● The task: Reproduce verbatim only the line that holds "this 1168×656 image." and the lines that follow it to the end of the listing.

● Given records:

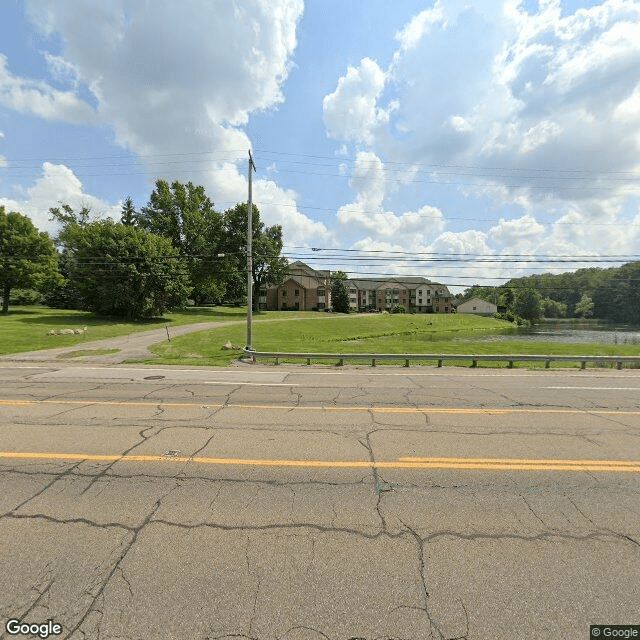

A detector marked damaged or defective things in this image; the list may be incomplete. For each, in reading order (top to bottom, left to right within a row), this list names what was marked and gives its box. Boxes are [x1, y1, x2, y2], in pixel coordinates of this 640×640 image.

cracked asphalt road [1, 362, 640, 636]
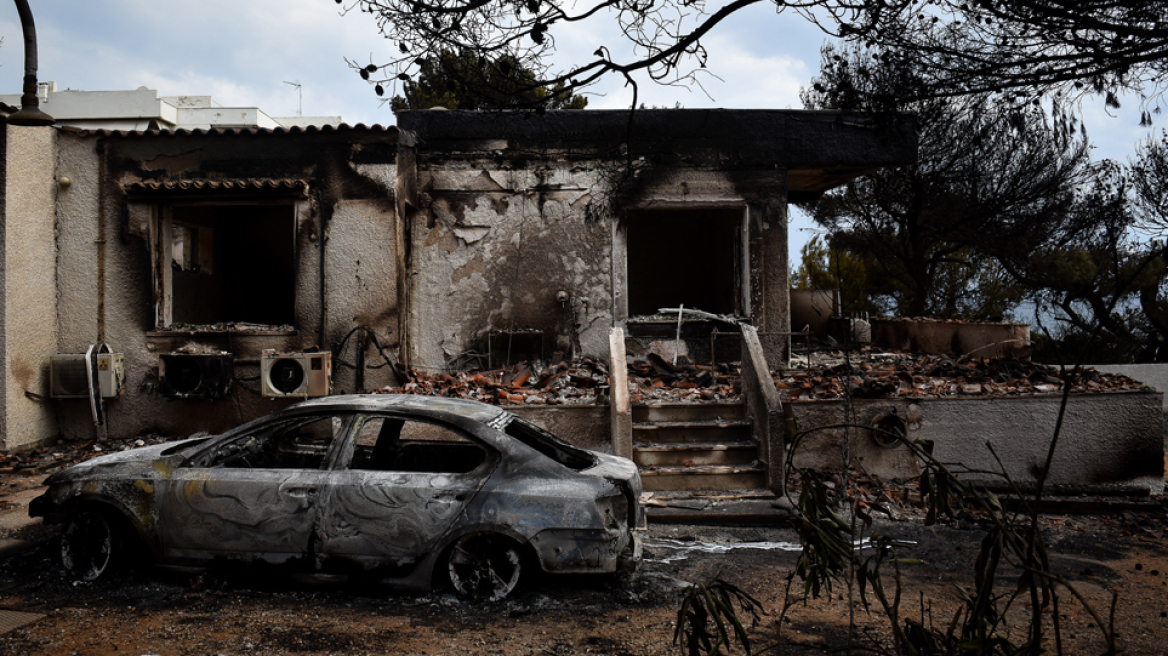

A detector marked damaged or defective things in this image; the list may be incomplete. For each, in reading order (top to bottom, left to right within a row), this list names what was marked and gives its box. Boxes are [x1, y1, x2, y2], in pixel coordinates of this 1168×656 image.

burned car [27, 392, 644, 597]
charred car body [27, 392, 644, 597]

● Solution to this problem:
A detector marked damaged or defective things in this image; the list may be incomplete. For each, in reading order (top to bottom, left to right within a row), this list names what was marked and gives its box. Boxes are [x1, y1, x2, y2], in pixel coordinates of this 1168×656 image.

burned car [27, 392, 644, 597]
charred car body [27, 392, 644, 597]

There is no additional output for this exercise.